November 10, 2015

Two Las Cruces city council races going to a recount

Photo via Flickr by Erik (HASH) Hersman

Two city council races in Las Cruces that finished with close results will be headed to a recount.

Photo via Flickr by Erik (HASH) Hersman

Photo via Flickr by Erik (HASH) Hersman

NM Political Report confirmed with the Las Cruces city clerk that Eli Guzman and Richard Hall each requested recount. The two candidates requested recounts of five polling locations.

The two progressive candidates won by the initial count in the Nov. 3 elections.

The clerk’s office said they are in the process of scheduling the recount.

Like many other areas, Las Cruces is using voting convenience centers, so voters could vote from any of the nine locations throughout the city in the elections last week.

In Las Cruces’ District 1, Kasandra Gandara defeated Guzman 871 votes to 853 votes in a race with three names on the ballot (Steven Calderazzo asked to have his name removed from the ballot, but after the date where ballots were first printed).

In Las Cruces’ District 4, Jack Eakman won by just 11 votes, 621 to 610, over Hall.

Unlike with state elections, such as statewide and legislative races, there is no automatic recount provision in Las Cruces.
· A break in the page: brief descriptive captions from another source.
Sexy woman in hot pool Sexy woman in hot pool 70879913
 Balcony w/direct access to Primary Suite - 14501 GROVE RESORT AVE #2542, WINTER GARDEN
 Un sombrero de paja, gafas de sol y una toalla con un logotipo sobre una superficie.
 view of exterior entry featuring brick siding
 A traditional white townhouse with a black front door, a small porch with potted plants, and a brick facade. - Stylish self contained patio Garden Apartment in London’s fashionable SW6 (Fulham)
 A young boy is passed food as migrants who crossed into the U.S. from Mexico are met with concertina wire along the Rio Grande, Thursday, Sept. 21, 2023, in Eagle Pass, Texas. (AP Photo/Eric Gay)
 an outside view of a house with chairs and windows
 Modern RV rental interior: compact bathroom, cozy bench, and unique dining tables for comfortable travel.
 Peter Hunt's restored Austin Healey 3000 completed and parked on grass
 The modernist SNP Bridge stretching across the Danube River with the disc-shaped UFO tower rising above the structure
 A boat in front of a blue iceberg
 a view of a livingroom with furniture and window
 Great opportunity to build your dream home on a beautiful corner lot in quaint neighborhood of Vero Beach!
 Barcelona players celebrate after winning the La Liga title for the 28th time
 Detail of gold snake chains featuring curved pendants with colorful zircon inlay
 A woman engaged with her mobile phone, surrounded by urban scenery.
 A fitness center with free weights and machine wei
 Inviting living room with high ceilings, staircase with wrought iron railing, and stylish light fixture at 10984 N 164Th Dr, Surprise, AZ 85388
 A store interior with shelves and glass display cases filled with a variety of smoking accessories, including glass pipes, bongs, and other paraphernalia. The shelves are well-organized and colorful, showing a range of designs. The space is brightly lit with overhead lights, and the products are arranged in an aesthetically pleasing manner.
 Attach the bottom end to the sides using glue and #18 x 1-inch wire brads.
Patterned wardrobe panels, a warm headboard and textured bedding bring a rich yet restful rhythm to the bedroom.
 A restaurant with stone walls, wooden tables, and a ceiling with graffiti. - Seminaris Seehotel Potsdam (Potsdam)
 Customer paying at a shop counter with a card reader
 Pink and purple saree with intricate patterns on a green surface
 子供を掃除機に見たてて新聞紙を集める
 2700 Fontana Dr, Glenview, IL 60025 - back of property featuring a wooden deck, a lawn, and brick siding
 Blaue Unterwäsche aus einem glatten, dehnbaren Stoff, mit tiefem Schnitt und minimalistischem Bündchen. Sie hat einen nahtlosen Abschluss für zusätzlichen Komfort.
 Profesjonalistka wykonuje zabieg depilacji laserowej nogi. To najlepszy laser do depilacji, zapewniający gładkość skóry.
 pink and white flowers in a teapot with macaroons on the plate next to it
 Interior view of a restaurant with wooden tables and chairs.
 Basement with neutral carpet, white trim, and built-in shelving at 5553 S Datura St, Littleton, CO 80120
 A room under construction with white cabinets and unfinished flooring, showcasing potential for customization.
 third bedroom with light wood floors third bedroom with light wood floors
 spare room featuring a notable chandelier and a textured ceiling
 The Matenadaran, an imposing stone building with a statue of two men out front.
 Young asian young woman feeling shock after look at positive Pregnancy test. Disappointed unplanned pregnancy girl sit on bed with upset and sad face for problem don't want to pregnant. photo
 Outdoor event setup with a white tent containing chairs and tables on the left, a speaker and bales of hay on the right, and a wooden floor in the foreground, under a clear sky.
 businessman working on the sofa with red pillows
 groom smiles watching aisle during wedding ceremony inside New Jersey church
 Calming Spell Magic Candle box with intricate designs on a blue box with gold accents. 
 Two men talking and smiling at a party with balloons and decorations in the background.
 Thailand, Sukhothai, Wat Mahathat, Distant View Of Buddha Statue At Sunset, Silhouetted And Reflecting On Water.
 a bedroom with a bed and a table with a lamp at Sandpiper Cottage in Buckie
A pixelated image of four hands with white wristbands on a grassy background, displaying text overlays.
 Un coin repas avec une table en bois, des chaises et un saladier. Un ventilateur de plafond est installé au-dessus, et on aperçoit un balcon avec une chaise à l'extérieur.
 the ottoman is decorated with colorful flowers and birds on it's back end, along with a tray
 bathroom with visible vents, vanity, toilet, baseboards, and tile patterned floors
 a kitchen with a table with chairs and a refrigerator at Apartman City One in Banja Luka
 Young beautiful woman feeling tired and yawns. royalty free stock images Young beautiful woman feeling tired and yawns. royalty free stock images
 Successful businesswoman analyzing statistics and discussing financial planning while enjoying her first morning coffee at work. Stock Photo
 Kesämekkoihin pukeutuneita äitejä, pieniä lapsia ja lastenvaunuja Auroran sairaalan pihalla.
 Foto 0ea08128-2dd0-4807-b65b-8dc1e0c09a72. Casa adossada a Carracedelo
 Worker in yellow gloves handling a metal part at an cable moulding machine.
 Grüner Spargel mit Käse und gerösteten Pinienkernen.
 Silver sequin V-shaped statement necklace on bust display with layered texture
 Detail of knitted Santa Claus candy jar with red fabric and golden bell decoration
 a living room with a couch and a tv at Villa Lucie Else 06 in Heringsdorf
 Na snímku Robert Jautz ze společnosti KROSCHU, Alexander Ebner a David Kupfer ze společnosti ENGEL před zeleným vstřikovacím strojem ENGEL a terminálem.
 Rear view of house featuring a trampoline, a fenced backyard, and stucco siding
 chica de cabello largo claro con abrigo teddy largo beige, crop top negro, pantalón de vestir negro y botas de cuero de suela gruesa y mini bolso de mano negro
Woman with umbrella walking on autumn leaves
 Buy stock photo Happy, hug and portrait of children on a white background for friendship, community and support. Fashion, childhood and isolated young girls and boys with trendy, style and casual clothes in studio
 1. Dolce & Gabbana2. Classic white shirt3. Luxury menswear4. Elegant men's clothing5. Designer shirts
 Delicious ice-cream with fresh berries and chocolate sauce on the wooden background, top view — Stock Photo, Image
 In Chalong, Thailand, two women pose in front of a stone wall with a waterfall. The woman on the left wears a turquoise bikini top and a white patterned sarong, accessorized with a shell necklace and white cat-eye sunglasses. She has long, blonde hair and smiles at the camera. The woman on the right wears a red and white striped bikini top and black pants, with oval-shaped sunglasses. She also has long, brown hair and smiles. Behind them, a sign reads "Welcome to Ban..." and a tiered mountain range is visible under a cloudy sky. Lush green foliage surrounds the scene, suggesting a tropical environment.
This means despite the close races, the candidates requesting the recall will have to foot the bills.

Ken Miyagishima won reelection as mayor easily and Gregory Z. Smith won in another city council race.

The Las Cruces area had a high profile recount before; in the House District 37 race in 2012, Terry McMillan ended up winning by eight votes after a recount over Joanne Ferrary out of more than 12,000 ballots cast.

The two had been tied before the recount, but the automatic recount provision in state election law kicked in. In a 2014 rematch, McMillan won again, this time by 409 votes.

Update: added more information to the report and spoke to Jason Isbell, a spokesman for the Guzman and Hall.

“I anticipate a smooth process with the city, but have volunteered to help the candidates with anything they may need during this process,” Isbell said. “The candidates may also seek legal counsel if the need arises.”

Isbell said Guzman and Hall are “going to let the process play out.”